━━━━━ Data excerpts
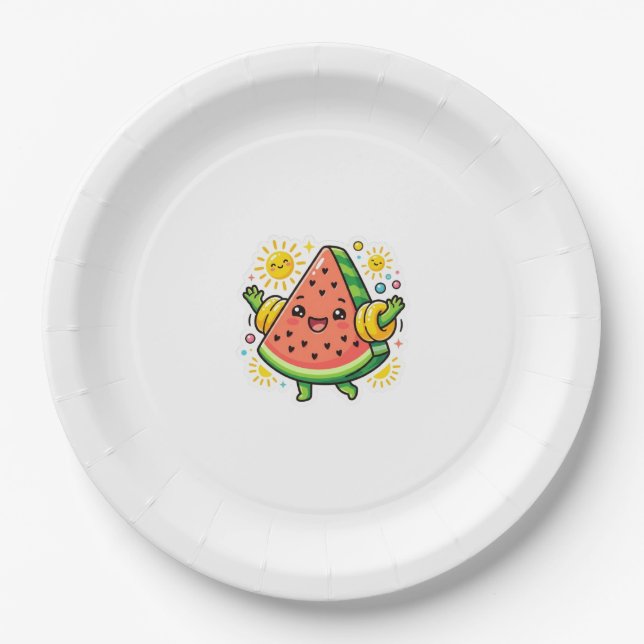 Cute Kawaii Watermelon Slice Inflatable ArmSticker Paper Plate (Front)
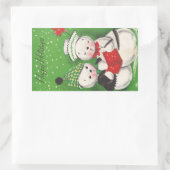 Retro Snowman Kerstmis Rechthoekige Sticker (Tas)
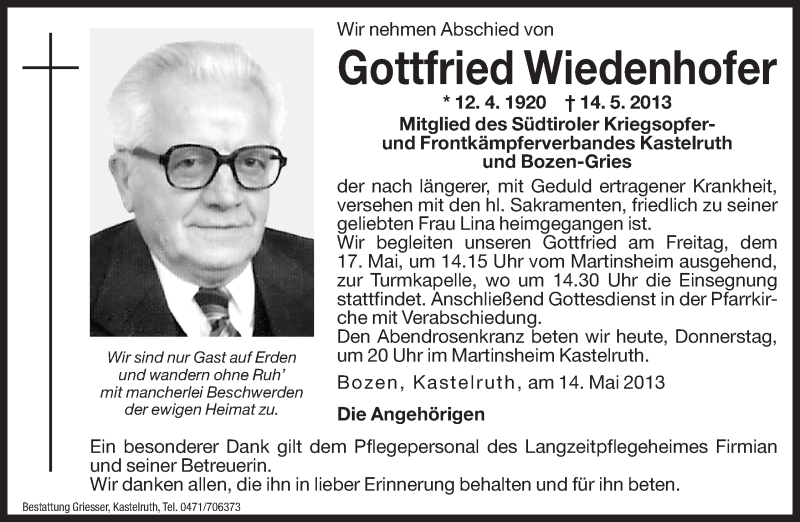  Traueranzeige für Gottfried Wiedenhofer vom 16.05.2013 aus Dolomiten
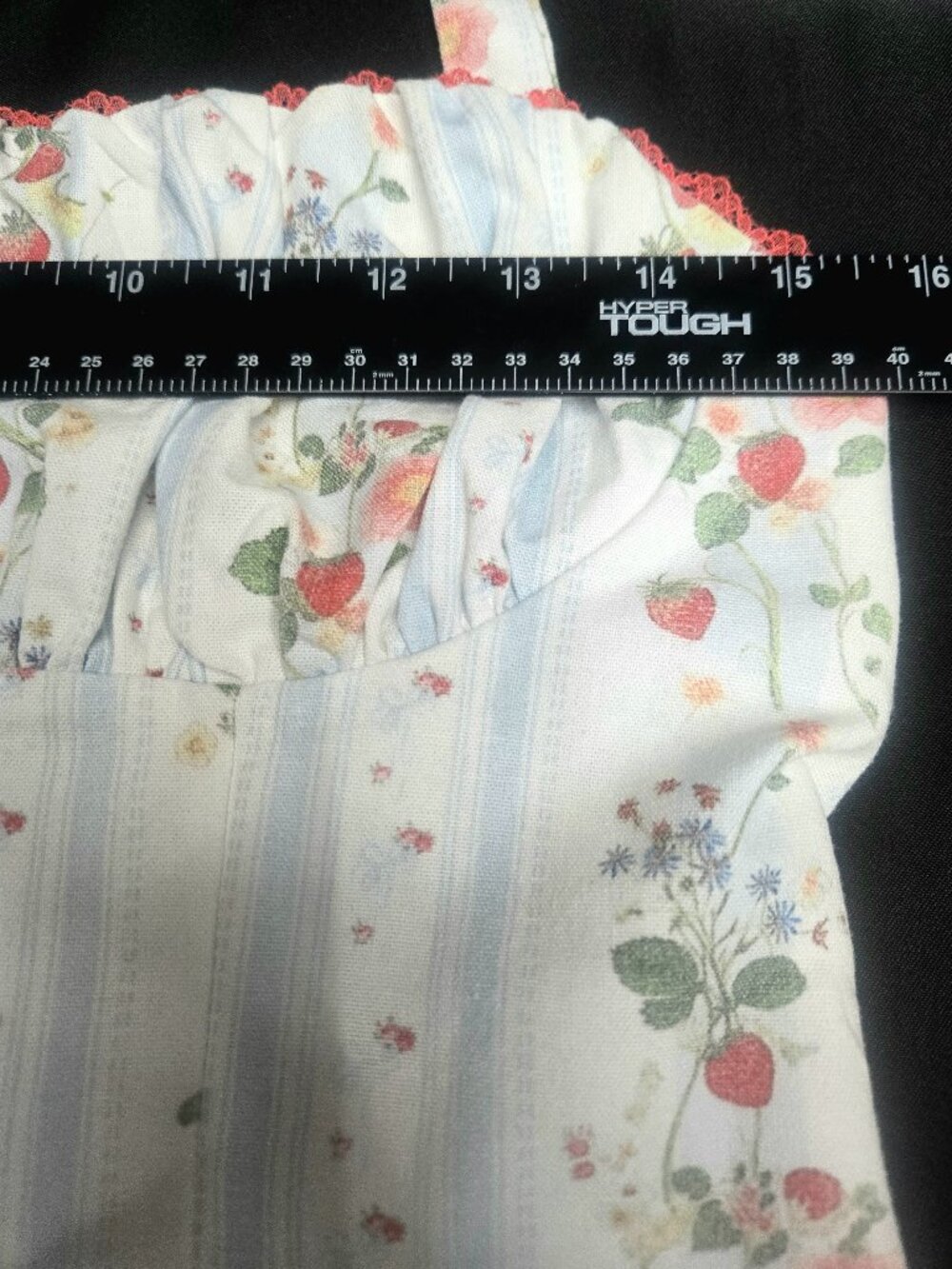 Cider Halter Dress Large Strawberry Floral Coquette Cottagecore Milkmaid - Picture 8 of 12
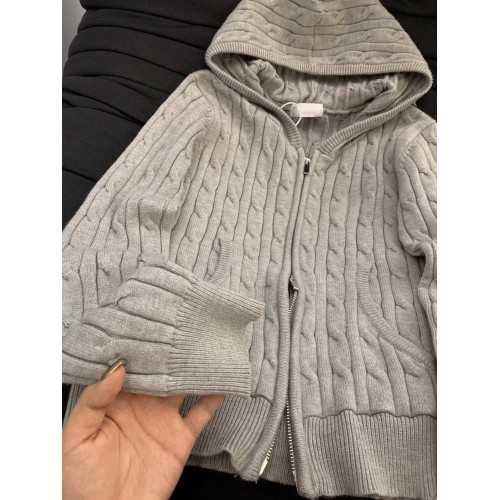 韓版灰色麻花拉鍊毛衣外套針織女春秋顯瘦慵懶風軟糯百搭開衫上衣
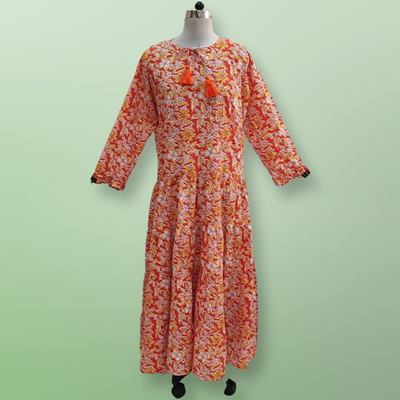 4XL/5XL Razia Printed Cotton Dress 57&quot; Jalabiya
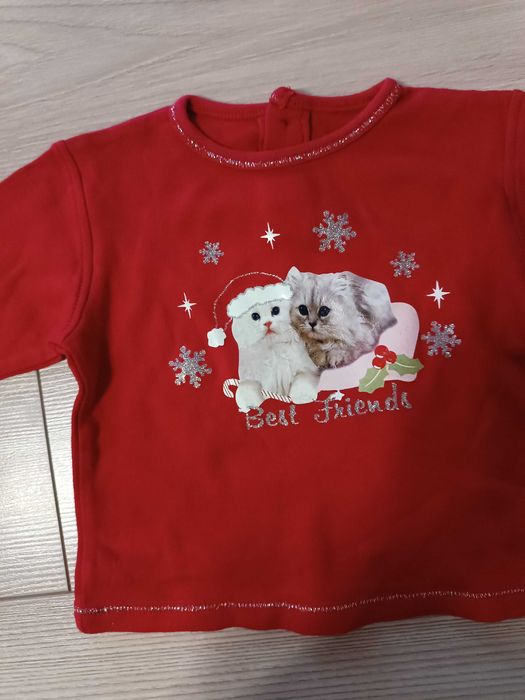 Bluzka dla dziewczynki świąteczna używana, rozmiar 68/74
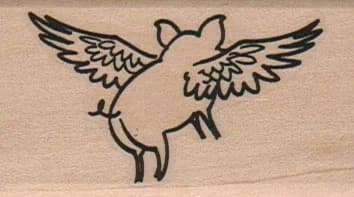 Flying Pig Side View 1 1/2 X 2 1/4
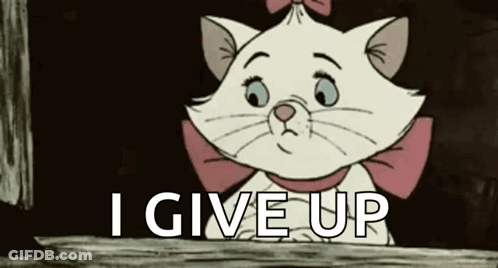 Cartoon Cat With Pink Bow I Give Up GIF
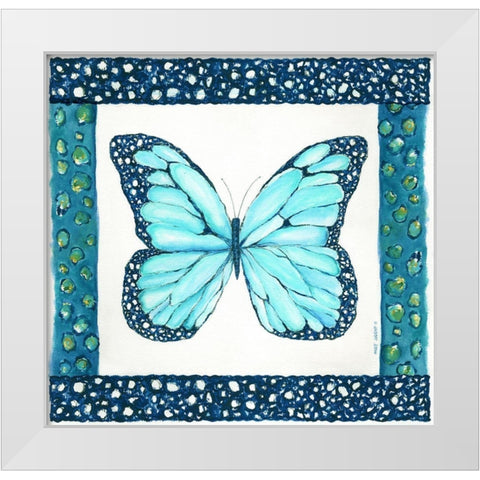 Butterfly with Border IV White Modern Wood Framed Art Print by Shamp, Cindy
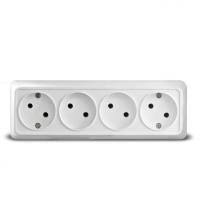 Розетка 4ОП б/з бел. Олимп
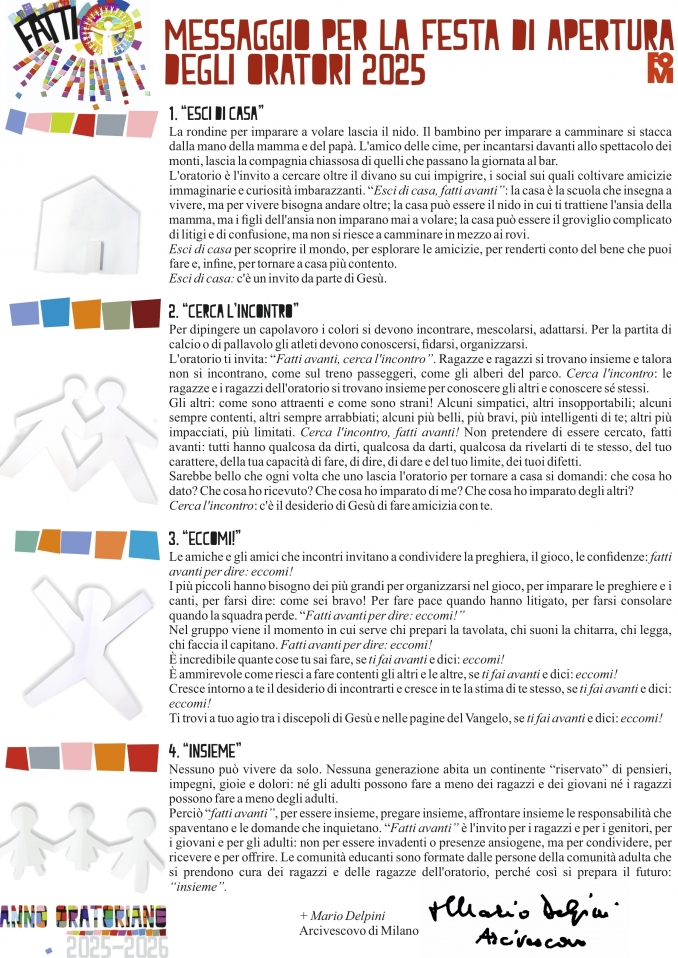 FESTA DELL'ORATORIO 2025 - messaggio Arcivescovo - Oratorio dei Chiostri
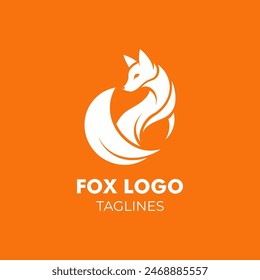 A Minimalist Fox Logo Isolated on Orange Background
━━━━━━━━━━
**Task objective:** Reproduce the lines above, exactly and exclusively, from the line containing "Butterfly with Border" down to the last line, both included; pictures are not part of the copy.

**Result:**
 Butterfly with Border IV White Modern Wood Framed Art Print by Shamp, Cindy
 Розетка 4ОП б/з бел. Олимп
 FESTA DELL'ORATORIO 2025 - messaggio Arcivescovo - Oratorio dei Chiostri
 A Minimalist Fox Logo Isolated on Orange Background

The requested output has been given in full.